Perhaps the most profound thing I noticed was the grief etched on the face of every single officer we spoke to. The men who died in the line of duty were their brothers and friends. They were lunch buddies and confidants. Real people with real stories; who left real families behind to mourn.
There is an oft-neglected ministry that we are inclined to forget about, and that’s the ministry of simply showing up.
We shook hands, exchanged words, and hugged necks, and each officer said the same thing.
Thank you so much for coming. It means so much. Thank you for your support.
A verse of Scripture that I’d memorized years ago began to play through my mind:
He heals the brokenhearted, and binds up their wounds.
When we rally around our wounded, we become a part of the binding process.
My children and I talked about the ways we saw God working. We discussed the ministry of showing up; how presence comforts when words fail. How signing a card says far more than our name, and how a hug or a handshake heals wounds.
You see, God works miracles of healing all the time, and His favorite instrument is us.
I want in.
I want to be a part of the solution, and I want to plant that desire in Caitlyn and Nick.
We learned something else that day.

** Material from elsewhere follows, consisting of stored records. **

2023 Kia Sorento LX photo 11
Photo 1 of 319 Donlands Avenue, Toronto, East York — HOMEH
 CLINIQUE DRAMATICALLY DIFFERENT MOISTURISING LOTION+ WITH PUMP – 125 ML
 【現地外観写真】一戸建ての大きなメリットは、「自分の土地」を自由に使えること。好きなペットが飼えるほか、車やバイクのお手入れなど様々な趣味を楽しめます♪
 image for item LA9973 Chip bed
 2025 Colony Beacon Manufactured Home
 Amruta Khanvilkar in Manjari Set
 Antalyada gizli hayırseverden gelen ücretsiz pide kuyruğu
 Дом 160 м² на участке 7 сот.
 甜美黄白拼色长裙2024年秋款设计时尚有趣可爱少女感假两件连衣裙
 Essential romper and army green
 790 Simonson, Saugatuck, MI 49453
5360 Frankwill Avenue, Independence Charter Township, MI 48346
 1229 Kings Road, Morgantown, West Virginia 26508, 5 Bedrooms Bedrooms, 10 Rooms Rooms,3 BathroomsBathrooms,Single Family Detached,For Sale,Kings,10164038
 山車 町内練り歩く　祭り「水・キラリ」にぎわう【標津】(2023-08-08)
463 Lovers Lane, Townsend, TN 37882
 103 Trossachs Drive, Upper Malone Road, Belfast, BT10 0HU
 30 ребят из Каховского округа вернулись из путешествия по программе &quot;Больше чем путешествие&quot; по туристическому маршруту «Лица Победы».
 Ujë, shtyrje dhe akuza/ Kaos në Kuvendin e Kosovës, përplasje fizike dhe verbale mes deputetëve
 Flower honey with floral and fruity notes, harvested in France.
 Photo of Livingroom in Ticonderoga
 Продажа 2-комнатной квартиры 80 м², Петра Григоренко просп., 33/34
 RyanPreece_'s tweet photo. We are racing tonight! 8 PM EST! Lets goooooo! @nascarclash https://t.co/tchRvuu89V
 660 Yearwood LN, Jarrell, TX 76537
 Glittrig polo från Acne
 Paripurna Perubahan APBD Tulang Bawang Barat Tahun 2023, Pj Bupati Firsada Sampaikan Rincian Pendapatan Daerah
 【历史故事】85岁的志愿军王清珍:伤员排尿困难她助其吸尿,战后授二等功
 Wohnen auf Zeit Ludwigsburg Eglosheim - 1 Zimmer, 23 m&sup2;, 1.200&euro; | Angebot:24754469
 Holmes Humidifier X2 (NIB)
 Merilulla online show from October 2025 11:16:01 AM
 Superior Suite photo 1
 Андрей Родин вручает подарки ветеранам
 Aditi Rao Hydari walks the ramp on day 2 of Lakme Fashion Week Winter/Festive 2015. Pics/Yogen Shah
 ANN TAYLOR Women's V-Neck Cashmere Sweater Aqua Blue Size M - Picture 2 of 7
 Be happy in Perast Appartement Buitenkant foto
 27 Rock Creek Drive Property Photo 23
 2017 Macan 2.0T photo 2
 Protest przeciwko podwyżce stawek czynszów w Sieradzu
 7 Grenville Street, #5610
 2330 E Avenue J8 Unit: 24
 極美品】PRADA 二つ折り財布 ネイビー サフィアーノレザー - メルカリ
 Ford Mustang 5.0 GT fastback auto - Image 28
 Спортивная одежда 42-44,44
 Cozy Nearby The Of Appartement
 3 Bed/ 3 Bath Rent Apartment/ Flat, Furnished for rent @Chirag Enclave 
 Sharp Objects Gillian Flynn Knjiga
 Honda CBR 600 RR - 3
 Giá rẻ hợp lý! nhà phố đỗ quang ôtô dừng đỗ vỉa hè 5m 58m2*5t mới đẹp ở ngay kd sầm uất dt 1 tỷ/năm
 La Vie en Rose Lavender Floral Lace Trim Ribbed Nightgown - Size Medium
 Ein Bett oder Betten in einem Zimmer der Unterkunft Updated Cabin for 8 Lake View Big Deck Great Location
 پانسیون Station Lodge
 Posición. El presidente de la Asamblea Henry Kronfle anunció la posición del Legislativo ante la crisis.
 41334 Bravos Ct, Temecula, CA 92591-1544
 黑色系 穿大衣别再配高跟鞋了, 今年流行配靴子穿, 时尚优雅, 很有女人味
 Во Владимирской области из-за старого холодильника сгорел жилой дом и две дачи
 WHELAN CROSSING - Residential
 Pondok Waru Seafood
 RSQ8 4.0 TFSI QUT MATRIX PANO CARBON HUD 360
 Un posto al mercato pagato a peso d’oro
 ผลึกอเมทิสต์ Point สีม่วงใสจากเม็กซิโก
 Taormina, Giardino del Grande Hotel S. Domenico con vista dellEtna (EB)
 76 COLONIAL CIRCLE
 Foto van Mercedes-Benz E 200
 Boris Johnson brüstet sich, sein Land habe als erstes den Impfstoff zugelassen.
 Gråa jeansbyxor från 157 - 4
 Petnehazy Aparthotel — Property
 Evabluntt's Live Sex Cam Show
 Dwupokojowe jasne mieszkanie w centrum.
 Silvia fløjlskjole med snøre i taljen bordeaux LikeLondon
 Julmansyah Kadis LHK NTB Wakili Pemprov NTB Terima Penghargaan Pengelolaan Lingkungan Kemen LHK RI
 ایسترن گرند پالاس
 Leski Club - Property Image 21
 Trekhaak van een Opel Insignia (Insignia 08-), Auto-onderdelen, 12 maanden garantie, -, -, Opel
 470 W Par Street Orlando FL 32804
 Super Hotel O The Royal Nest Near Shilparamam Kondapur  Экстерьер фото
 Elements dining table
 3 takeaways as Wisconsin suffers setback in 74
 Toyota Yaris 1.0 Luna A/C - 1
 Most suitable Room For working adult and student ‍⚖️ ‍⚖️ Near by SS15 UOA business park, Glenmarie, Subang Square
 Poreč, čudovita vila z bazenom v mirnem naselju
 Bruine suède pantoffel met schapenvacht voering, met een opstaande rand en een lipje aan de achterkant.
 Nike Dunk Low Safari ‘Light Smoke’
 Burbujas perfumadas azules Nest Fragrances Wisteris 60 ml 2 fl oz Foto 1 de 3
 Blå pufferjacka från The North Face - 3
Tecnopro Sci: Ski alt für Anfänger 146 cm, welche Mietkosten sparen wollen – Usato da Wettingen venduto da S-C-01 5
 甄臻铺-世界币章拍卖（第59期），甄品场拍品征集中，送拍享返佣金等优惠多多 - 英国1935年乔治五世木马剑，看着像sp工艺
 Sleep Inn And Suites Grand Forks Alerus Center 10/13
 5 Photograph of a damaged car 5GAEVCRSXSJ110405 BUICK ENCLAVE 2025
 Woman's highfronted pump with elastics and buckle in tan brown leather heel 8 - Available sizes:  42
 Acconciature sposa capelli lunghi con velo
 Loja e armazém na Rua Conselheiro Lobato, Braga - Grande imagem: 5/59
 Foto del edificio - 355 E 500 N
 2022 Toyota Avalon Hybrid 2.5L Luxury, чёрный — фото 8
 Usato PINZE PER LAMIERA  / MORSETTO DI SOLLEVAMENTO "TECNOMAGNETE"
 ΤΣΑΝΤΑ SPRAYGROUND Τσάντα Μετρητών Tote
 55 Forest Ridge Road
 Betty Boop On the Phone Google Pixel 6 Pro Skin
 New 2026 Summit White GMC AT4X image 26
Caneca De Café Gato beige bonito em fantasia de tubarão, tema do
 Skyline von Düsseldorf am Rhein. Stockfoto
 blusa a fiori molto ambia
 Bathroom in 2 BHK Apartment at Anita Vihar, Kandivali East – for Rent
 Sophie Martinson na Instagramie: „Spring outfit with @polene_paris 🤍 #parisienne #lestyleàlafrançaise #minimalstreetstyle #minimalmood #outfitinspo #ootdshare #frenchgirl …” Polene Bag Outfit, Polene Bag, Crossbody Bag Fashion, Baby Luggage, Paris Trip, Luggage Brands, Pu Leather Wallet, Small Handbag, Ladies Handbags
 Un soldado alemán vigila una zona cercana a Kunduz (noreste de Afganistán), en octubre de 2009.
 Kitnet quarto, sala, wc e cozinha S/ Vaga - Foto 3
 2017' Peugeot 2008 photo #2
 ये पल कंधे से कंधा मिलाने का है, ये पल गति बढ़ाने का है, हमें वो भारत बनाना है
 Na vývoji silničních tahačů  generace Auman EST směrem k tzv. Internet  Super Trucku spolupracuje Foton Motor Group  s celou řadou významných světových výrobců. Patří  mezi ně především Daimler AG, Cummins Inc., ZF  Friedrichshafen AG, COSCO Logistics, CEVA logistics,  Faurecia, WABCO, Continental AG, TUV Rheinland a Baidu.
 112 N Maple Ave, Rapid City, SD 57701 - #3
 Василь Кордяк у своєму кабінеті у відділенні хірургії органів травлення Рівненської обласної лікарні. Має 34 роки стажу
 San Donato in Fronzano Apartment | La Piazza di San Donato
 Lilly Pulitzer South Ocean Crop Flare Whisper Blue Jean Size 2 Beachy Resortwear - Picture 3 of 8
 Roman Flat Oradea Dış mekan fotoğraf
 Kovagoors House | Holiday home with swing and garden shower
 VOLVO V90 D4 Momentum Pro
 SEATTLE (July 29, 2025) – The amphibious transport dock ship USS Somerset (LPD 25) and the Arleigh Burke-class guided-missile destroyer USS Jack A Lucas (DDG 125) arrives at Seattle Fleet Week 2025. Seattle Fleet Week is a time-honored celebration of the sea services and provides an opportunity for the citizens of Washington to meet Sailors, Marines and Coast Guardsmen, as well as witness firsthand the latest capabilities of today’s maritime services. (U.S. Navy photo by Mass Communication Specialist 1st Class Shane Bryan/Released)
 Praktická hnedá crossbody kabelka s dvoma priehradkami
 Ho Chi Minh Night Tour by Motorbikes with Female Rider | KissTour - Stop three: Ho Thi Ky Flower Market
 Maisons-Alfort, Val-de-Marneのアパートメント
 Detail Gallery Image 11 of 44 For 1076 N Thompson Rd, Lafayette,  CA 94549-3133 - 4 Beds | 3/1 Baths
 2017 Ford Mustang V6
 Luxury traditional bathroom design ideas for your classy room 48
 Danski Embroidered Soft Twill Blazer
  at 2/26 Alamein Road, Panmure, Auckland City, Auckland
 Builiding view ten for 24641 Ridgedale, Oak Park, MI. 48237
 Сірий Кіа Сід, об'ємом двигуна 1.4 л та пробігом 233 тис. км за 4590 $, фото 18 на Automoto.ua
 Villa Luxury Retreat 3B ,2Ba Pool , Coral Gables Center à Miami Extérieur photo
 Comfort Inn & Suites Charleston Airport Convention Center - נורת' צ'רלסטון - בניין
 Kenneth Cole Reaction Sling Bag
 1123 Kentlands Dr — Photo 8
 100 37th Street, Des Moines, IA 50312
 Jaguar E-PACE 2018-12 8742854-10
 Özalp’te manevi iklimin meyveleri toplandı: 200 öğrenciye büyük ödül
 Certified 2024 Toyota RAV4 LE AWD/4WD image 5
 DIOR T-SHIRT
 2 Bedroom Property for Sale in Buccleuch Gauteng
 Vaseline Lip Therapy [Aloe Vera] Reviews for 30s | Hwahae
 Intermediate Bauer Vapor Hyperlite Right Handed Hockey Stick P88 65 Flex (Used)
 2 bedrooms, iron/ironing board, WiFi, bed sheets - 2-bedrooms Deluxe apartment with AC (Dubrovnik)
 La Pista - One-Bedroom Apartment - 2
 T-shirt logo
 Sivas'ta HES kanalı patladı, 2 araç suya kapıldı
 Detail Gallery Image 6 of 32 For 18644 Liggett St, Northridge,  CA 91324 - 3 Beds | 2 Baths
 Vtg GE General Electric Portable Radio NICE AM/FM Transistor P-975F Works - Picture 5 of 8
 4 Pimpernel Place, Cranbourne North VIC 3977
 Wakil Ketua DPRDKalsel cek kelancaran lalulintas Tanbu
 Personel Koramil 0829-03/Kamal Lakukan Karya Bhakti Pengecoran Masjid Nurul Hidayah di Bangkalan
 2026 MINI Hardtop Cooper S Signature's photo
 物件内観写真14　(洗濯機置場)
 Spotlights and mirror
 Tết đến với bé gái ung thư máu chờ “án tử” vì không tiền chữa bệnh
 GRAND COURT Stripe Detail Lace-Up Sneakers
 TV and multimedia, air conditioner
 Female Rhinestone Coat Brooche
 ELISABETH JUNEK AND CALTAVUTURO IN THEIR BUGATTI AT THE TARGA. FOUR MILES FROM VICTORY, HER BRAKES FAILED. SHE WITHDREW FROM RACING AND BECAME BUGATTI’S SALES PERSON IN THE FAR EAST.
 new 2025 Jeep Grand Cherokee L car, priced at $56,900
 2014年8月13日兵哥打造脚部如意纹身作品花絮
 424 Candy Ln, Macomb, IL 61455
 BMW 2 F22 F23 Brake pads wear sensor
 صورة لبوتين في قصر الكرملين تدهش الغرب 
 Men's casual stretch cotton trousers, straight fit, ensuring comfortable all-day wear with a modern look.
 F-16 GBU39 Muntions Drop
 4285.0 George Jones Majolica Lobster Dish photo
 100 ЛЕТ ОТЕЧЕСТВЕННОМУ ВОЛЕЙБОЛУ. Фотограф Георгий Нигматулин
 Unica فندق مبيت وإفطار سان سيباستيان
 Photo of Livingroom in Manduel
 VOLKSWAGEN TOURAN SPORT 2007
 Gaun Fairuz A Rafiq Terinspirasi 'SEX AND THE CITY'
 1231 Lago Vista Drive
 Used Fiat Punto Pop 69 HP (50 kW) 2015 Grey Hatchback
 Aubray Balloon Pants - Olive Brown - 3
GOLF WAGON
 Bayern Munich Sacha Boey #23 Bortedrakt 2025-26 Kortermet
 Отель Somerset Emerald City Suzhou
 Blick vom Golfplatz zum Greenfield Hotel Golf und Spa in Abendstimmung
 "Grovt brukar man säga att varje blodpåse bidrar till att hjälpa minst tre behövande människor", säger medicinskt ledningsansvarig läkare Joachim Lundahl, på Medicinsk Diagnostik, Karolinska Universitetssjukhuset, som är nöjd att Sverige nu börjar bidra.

Something beautiful and life-giving and hope-filling. Something true then and true now, because our hope runs deep no matter how dark it gets.
When you squeeze our city, love pours out.
So we mourn our fallen, and we pray for their families. We back the blue and agree that life matters. We strive for unity and fight for peace. We show up. We speak out. We don’t quit.
We. Are. Dallas. Strong.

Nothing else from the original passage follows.